Market Facts also mapped cell phone bill indexes, information of potential interest to cell phone retailers. On the Tech & Telecom page of the print edition, an Esri map of Greater Chicago shows where people spent the most and least on cell phone calls. (Cell phone bills were, on average, higher in the western suburbs.)

The map represents the market potential for households that spent, on average, more than $100 a month on cell phone calls. "What this map tells you quickly are which census tracts have the highest or lowest concentration of households that are spending money for cell phone usage," said Donna Fancher, marketing coordinator for the Commercial and Data team in Product Marketing at Esri. "This information is particularly useful for cell phone retailers. It may help determine where stores should be located and if additional stores are needed in an area. It can also help existing store owners with product selection for their stores."

Carmichael agrees: the maps can highlight some potential new markets for businesses. "Consumer trends and spending are important to all the businesses that want to reach out to those consumers," Carmichael said. "If you are a technology services company, to find where the more technologically driven people are—that would be very helpful."
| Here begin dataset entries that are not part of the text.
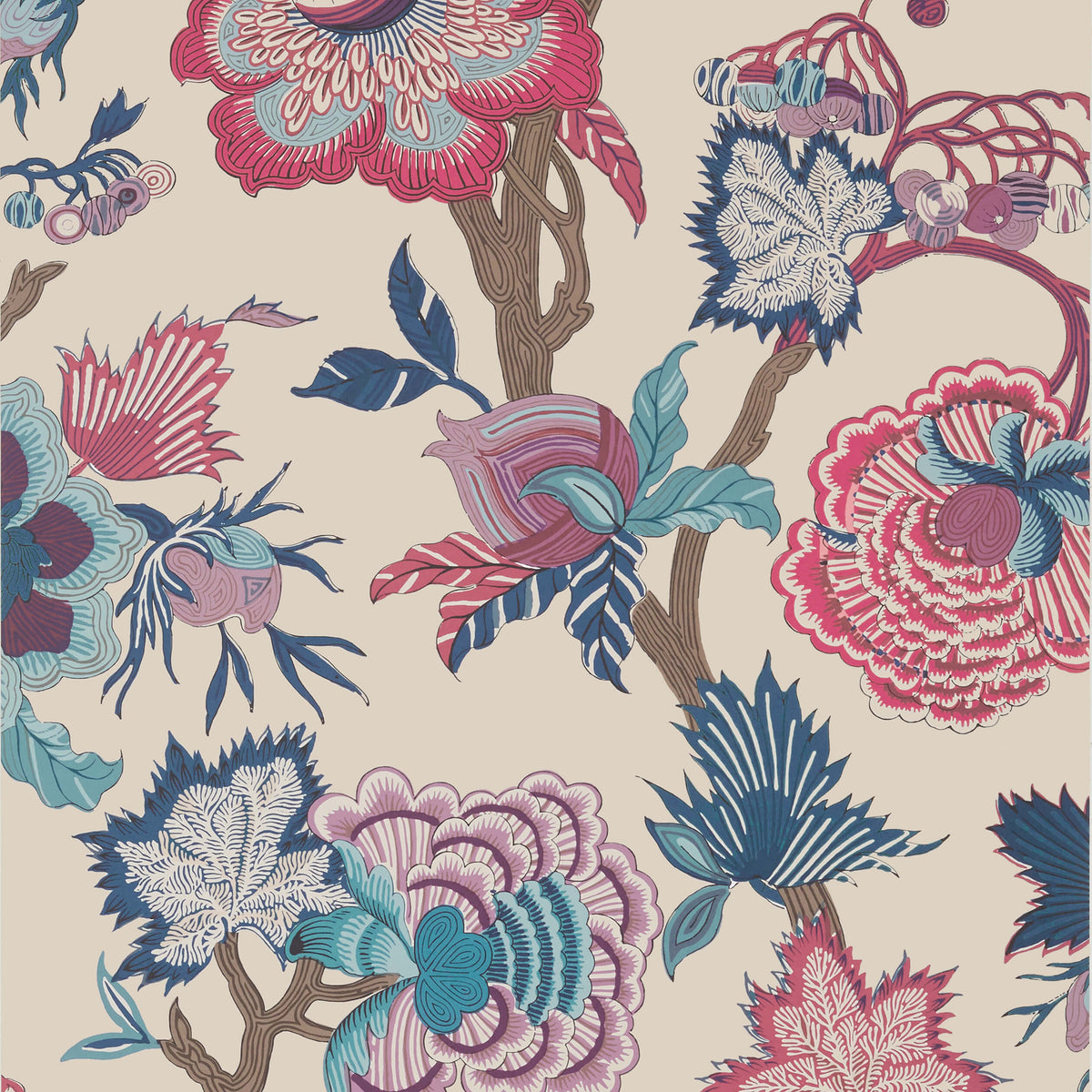 Thibaut Indienne Jacobean Wallpaper Sample - Raspberry & Blue
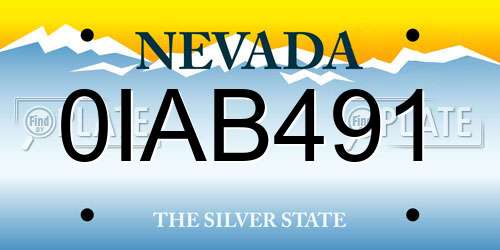 0IAB491 Nevada License Plate
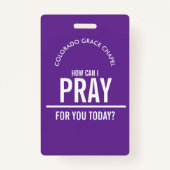 Purple prayer church volunteers id badge (Voorkant)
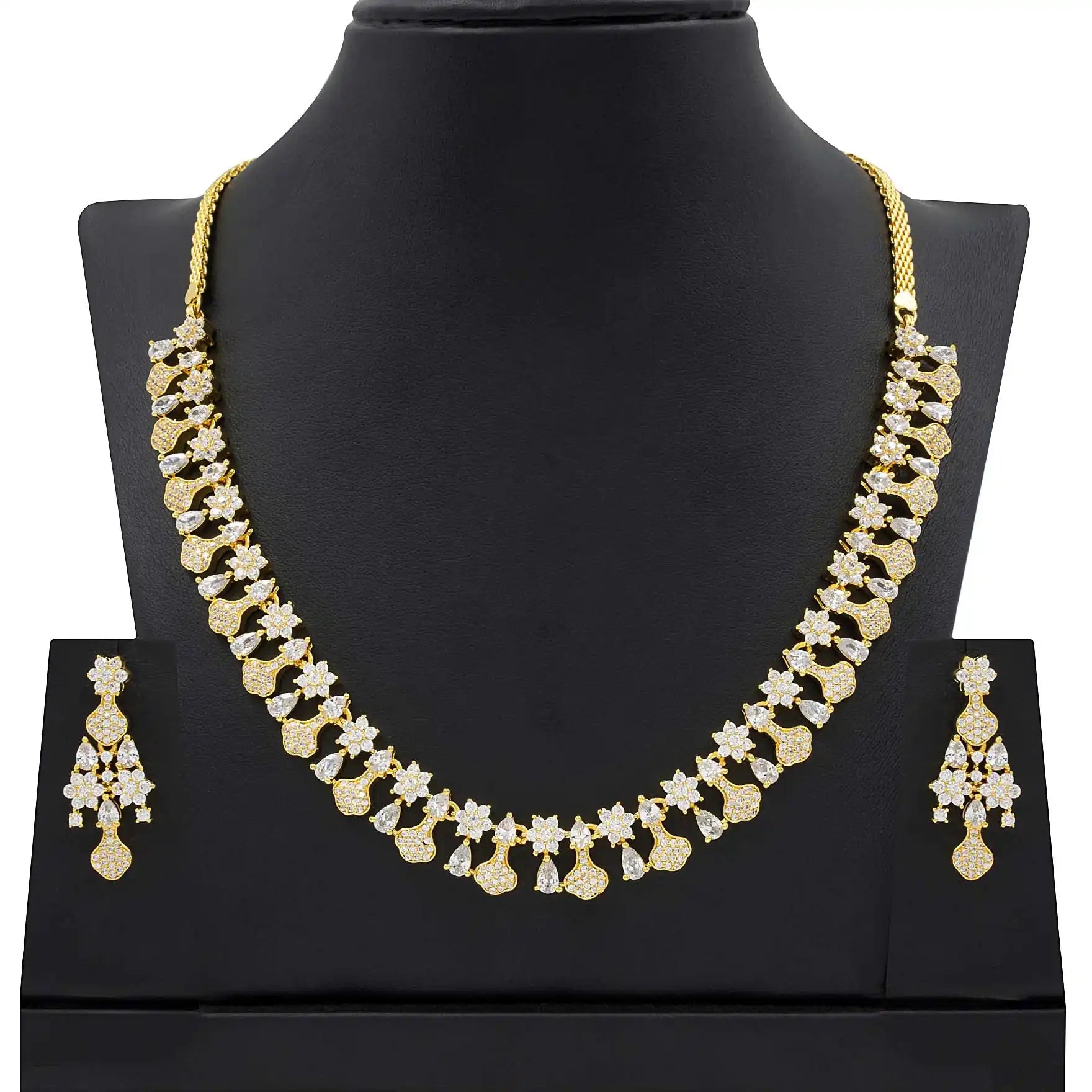 PREMIUM STONE NECKLACE SHORT WITH STUD PMSNS26W-009, PMSHST63W-052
For more information about Esri Data, visit www.esri.com/data. To learn how you can work with and use data in your publication, contact Brent Roderick at broderick@esri.com.

Fast Facts about Crain's Chicago Business

Published: Weekly
Circulation: 50,000 weekly for the print edition; 170,000 registered Web site users
Web Site: www.chicagobusiness.com
Owned by: Crain Communications, Inc. The family-owned company publishes 36 business, trade, and consumer magazines and newspapers including Advertising Age, Crain's New York Business, Crain's Detroit Business, Crain's Cleveland Business, Crain's Manchester (England) Business, Business Insurance, Modern Health Care, BtoB, Pensions & Investments, Financial Week, and TelevisionWeek.